Note that the visualisation is in fact an interactive, searchable arhive. You can click on nodes to find out more and also search by keyword.

The Google spreadsheet archive was created once the event had finished (this morning around 9:00am GMT) and it updates itself every fifteen minutes. Nevertheless since the RL event officially concluded last night we can argue most of the event’s backchannel tweets have been collected. At the time of writing this post the archive had collected 1517 unique tweets:

#digitrans archive summary with top 20 tweeters
 #digitrans archive summary with top 20 tweeters. Screen shot taken 20/11/2012 12:48 PM GMT.

As expected most of the tweets were posted during the day of the event (19 November 2012), with some activity some days before and the day after:

#digitrans tweet volume over time graph
 #digitrans tweet volume over time. Screenshot taken 20/11/2012 12:54  PM GMT.

The top tweeters were divided between the organisers, speakers and attendants:

#digitrans top tweeters percentages pie chart
#digitrans top tweeters percentages. Screenshot taken 12:53 PM GMT.

I have found Martin Hawksey’s tool very useful to collect, archive, visualise and analyse Twitter activity, particularly academic conference backchannels.

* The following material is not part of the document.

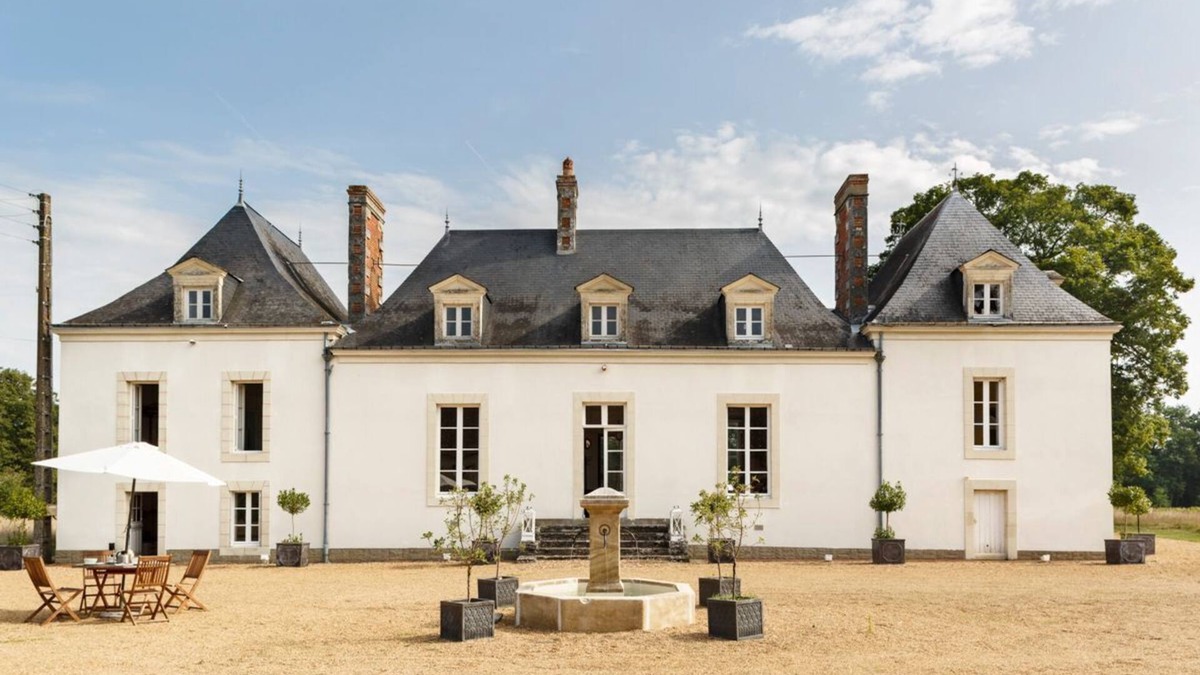 Saint-Jean-du-Bois Other | Chateau De La Houlberdiere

It offers a way of revealing the intrinsically networked and social (as in, involving human interaction) nature of a Twitter’s stream data.

As a form of data mining and distant reading, visualising archives of Twitter backchannels (and therefore networks) can be a useful way of demonstrating an event’s public impact and of discovering key participants, topics, sentiment and links.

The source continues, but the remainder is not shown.